What you are asked to do >> For the data that follows, print the line with "13224 SE Lookingglass", the line with "Vente Immeuble LIVRON", and all lines between them, exactly as they stand. Omit pictures and add nothing.

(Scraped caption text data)
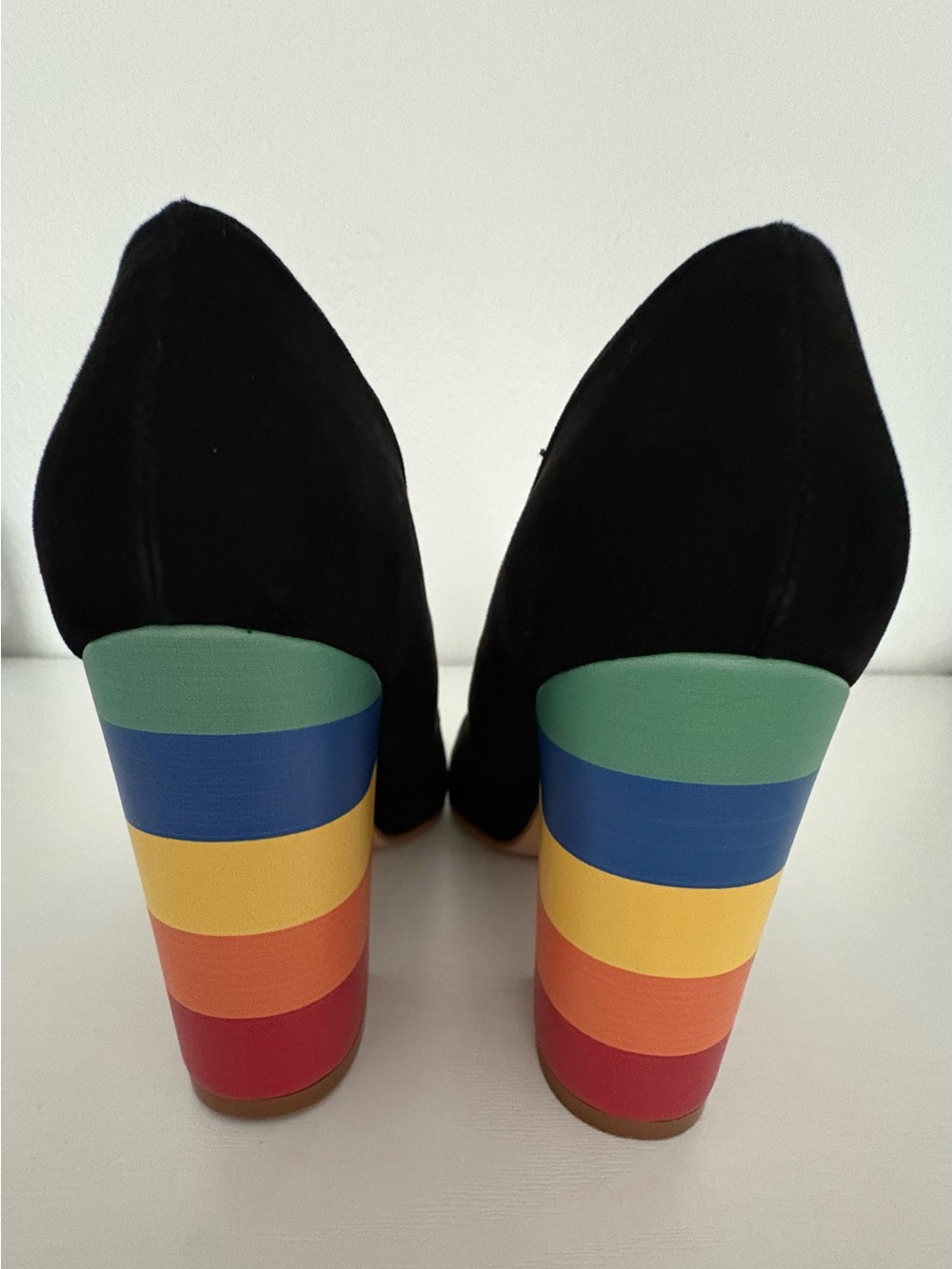 United Colors Of Benetton Black Suede Pumps with Multicolor Block Heel - Picture 7 of 15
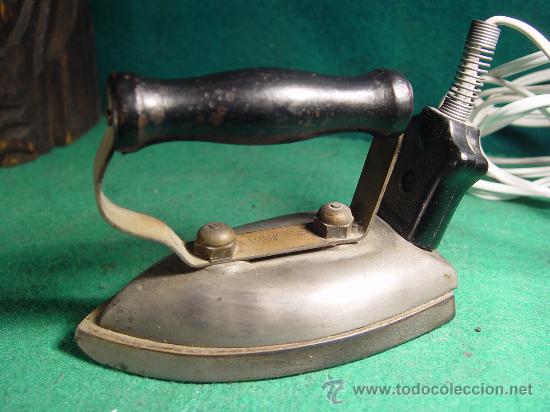 Antig&uuml;edades: ANTIGUA PLANCHA DE VIAJE - 125 V. - CON CABLE - - Foto 2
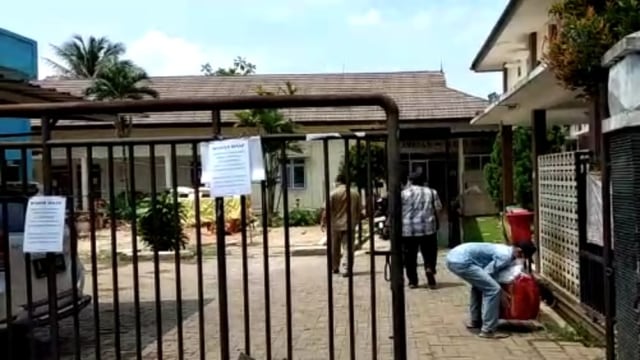 Puskesmas Parung Panjang, Kabupaten Bogor ditutup untuk di sterilisasi. Foto: Dok. Istimewa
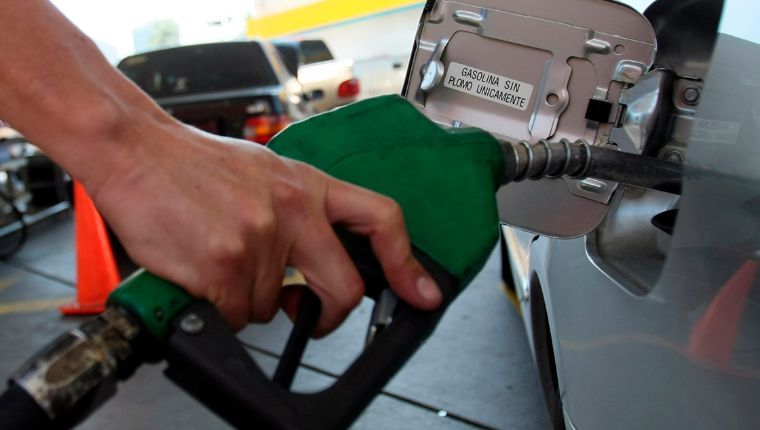 Privados avanzan sin freno en importación de gasolina y diésel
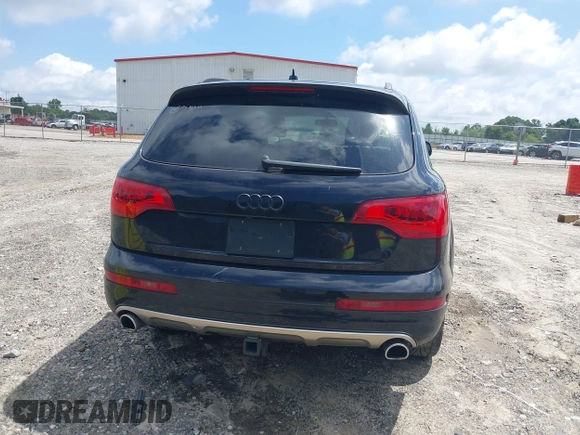 2015 Audi Q7 Premium Plus с VIN WA1LMAFE8FD010524, выставлен на аукционе IAAI как лот 42537264 с пробегом 181 016 миль миль и . История ставок и продаж доступна на DreamBid. Изображение 17.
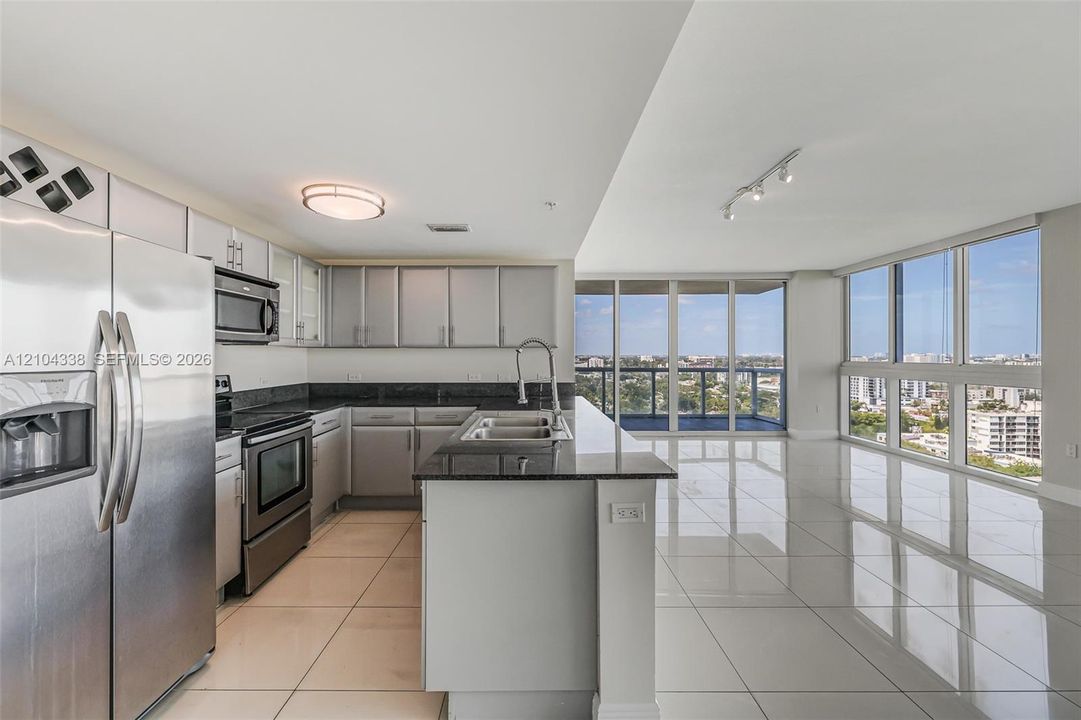 For Rent: $3,599 (3 beds, 3 baths, 1429 Square Feet)
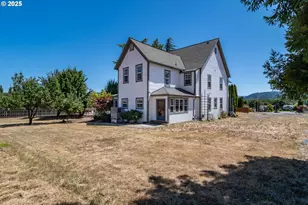 13224 SE Lookingglass Rd, Winston, OR 97496 - Photo 2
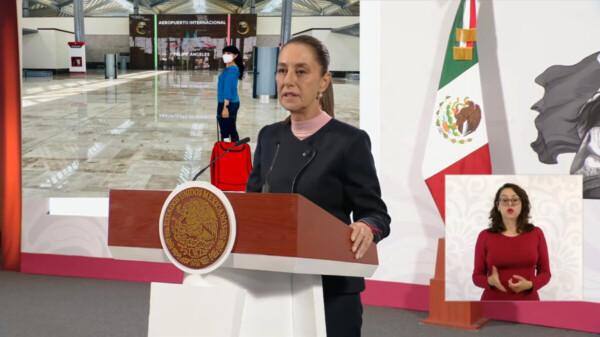 Sheinbaum rechaza cancelación de vuelos del AIFA hacia EU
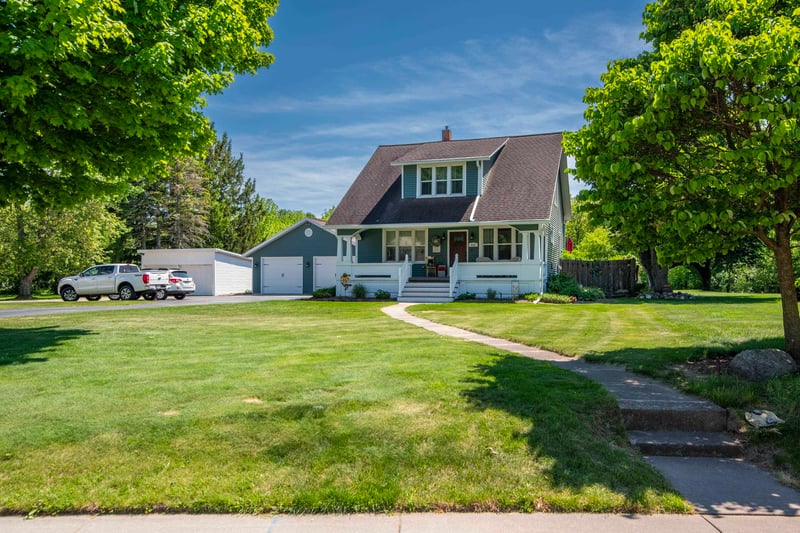 413 Highridge Ave, Denmark, WI 54208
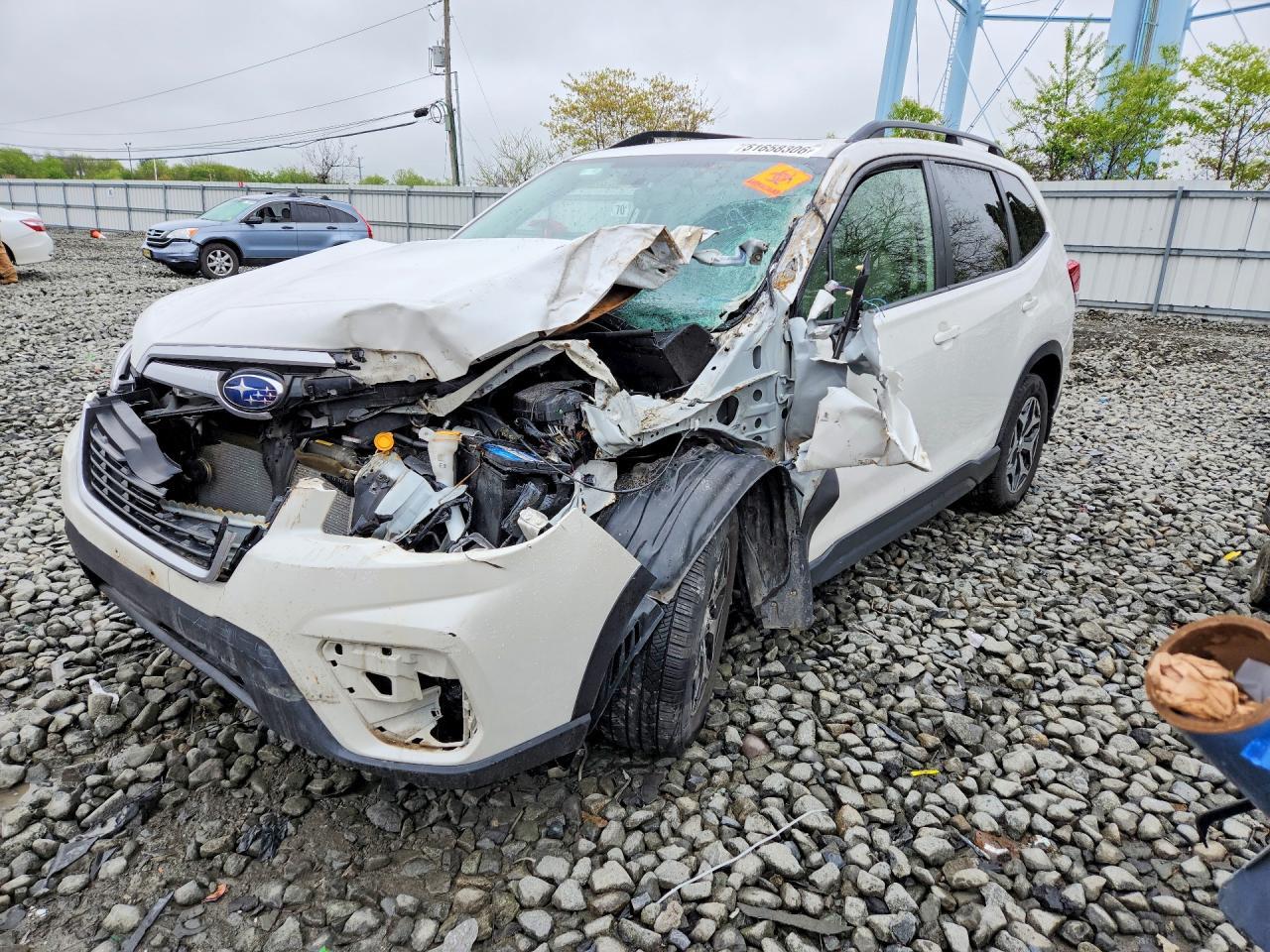 2020 SUBARU FORESTER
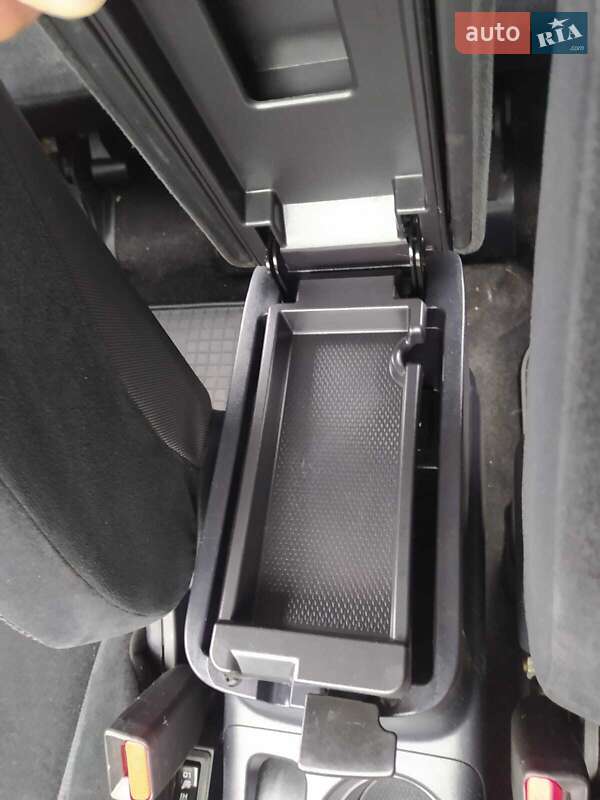 Позашляховик / Кросовер Mitsubishi Outlander 2010 в Вінниці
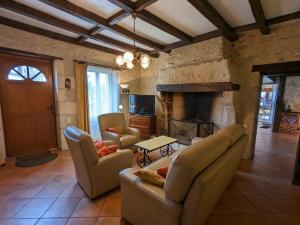 Maisons de vacances Gite Bonnes, 5 pieces, 12 personnes - FR-1-653-122 : photos des chambres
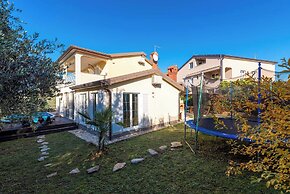 Holiday House with Pool Villa Seabird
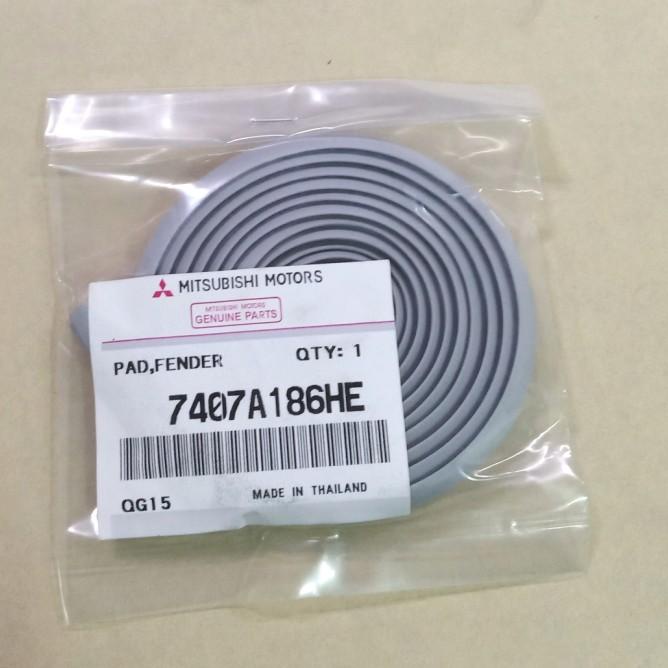 Karet List Over Fender Spakbor Strada Triton Pajero Sport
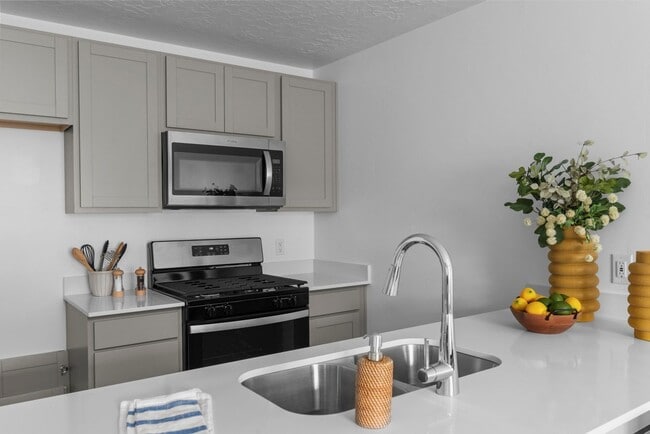 Building Photo - Charming Townhome in Provo, UT  $500 gift card if rented, Pets upon approval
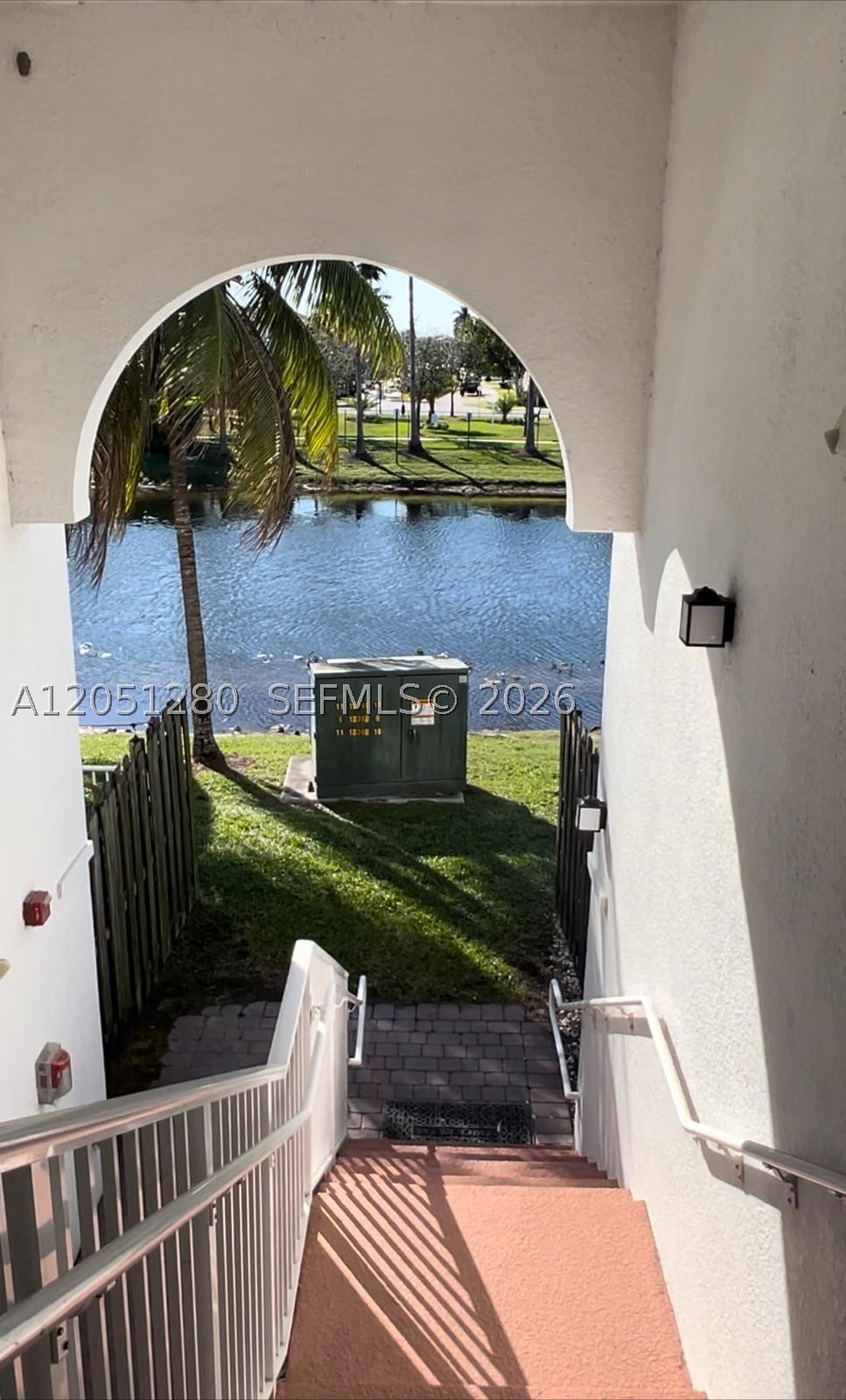 ST MAARTEN AT GRAND BAY C - Residential Lease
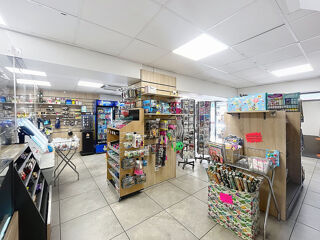 Vente Immeuble LIVRON SUR DROME, immeuble de rapport, commerce, appartement et surface a aménager, bonne rentabilité. Livron sur drome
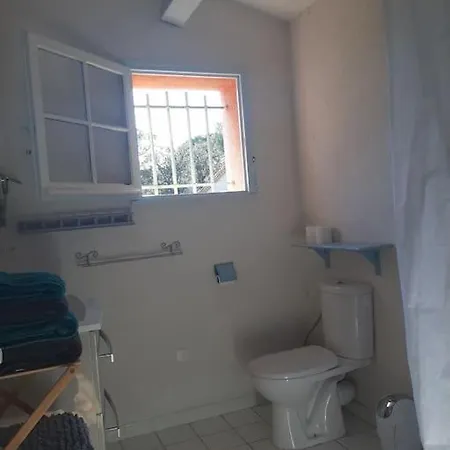 Studio 25m2 Independant Avec Terrasse Sans Vis A Vis Apartment Saint-Raphaël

Task solution >>
 13224 SE Lookingglass Rd, Winston, OR 97496 - Photo 2
 Sheinbaum rechaza cancelación de vuelos del AIFA hacia EU
 413 Highridge Ave, Denmark, WI 54208
 2020 SUBARU FORESTER
 Позашляховик / Кросовер Mitsubishi Outlander 2010 в Вінниці
 Maisons de vacances Gite Bonnes, 5 pieces, 12 personnes - FR-1-653-122 : photos des chambres
 Holiday House with Pool Villa Seabird
 Karet List Over Fender Spakbor Strada Triton Pajero Sport
 Building Photo - Charming Townhome in Provo, UT  $500 gift card if rented, Pets upon approval
 ST MAARTEN AT GRAND BAY C - Residential Lease
 Vente Immeuble LIVRON SUR DROME, immeuble de rapport, commerce, appartement et surface a aménager, bonne rentabilité. Livron sur drome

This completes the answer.